It’s almost a perfect storm of negative business conditions. Small businesses managers need to understand how inflation touches all aspects of their business and must manage its impact to maintain profitability and sustainable growth.

Managing Inflation Risk with a WIN Campaign

SME can meet the challenge of inflation head on by implementing a Whip Inflation Now (WIN) program that engages the numerous risks inflation poses. In deference to our former President Gerald Ford, business managers can initiate WIN Programs and actions to temper the impact of inflation and to seize opportunities that rapidly changing market conditions create. Small businesses must be extra vigilant and proactive in managing all classes of business risks.

Some small businesses will cave into the demands of their large accounts to cut prices to prevent them from going to a lower cost provider. This is very dangerous for small businesses and can result in “death by a thousand cuts.” Managers should not wait for their largest account to approach them seeking price concessions. Now is the perfect time to go on the offensive and alter the value proposition that only your firm can uniquely deliver to key accounts. Remember your largest accounts are experiencing the negative effects of inflation as well. Go to them and propose a WIN Campaign.

A company’s WIN Campaign can offer a joint marketing program using advanced web enabled technologies. Your WIN Campaign can implement an expanded training and support program tied to a business development program or supply chain rationalization. You may suggest a partnership to develop a new product or put in place a customer loyalty program. Your job is to create a unique value proposition that adds value to your product and convey it to your customer so they cannot commoditize your product. Together you and your clients can WIN the fight against inflation and turn it into a business development initiative. Your clients will appreciate the fact that you are thinking about their business success.

Another common knee jerk reaction to fight rising business costs is to reduce expenses by cutting expenditures on areas that do not support the mission critical functions of the business. Capital is allocated to maintain funding to support sales, production and product delivery. This is coupled with a lean administrative management structure and this model is seen as a recipe for economic survival. Being good stewards of corporate capital is essential during these times. Capital leakage is always a threat to business profitability and needs to be even more diligently managed during times of economic duress. But this strategy is a subsistence survival strategy. It is based on investing the barest minimum of capital to address fluctuating market conditions. This strategy may limit small businesses ability to literally capitalize on opportunities that changing market conditions present.

Cutting expenses for marketing is usually another budget casualty when businesses look to cut costs. This will reduce your current expense line for this quarter and will certainly help bottom line profitability; but skipping this year’s trade show will not help you to locate that new customer who is looking for a supplier because his current provider is struggling with product quality issues. Cutting this expense won’t provide you with the critical insights you need to stay competitive and ahead of new market entrants that are attending trade shows. Who by the way are also aggressively courting your largest account to get just a tiny slice of your business to demonstrate their “superior value proposition.”

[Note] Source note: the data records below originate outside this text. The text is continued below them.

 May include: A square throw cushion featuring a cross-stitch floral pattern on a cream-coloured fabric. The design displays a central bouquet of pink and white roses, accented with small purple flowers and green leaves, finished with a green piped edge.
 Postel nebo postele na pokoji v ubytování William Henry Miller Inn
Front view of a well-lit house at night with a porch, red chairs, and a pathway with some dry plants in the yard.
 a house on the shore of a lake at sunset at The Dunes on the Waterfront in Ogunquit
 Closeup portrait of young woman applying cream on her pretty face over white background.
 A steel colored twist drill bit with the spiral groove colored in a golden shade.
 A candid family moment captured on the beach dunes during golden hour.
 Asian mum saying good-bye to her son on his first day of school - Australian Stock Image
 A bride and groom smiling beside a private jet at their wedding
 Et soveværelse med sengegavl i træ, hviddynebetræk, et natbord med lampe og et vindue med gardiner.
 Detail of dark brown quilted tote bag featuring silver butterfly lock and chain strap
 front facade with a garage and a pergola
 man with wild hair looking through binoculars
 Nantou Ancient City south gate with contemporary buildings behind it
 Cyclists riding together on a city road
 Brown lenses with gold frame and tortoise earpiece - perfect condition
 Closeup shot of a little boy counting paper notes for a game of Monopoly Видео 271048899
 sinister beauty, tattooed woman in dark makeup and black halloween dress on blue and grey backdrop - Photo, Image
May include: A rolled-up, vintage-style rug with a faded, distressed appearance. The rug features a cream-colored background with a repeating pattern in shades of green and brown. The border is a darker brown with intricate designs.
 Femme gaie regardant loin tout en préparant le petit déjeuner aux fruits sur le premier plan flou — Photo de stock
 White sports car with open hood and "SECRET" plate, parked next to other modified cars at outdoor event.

Employee benefits and training is another area that is often the focus of budgetary cutbacks. Many SME need to closely consider the gains they will realize by cutting back on benefits offered to its employees. Cutting benefits could increase employee turnover. Training and hiring new employees are an expensive proposition for SME. The loss of key employees can potentially devastate a small business. Expertise, intellectual capital and critical business intelligence leaves the organization when a key employee walks out the door. This is doubly true if some key employees leave the firm and walk some major client relationships out the door with them.

SME can also try to employ risk transfer strategies. Insurance purchases may help in some areas but to fight inflation small businesses can use financial instruments (capital permitting) to hedge against rising prices. The purchase of TIPs, FX forward contracts, commodity or energy futures can help to offset the negative effects of key inflation business threats. As the price of oil rose this summer a modest equity position in oil or other energy company would have helped to offset the increase in energy expenses.

Thankfully adverse economic conditions will force SME to take an honest look at their product lines and business model. Economic adversity provides an opportunity for management to make hard decisions concerning product lines. This is an ideal time to focus and fund the development of products that offer the greatest potential for long term profitability and sustainable growth.

Inflation is a significant problem for small businesses but it is a problem that can be managed. Changing economic conditions alter the landscape for all businesses that accelerate and starkly reveal market inefficiencies. These inefficiencies create market anomalies and opportunities that astute small business owners and managers can capitalize on through an intentional practice of a risk management and opportunity discovery program.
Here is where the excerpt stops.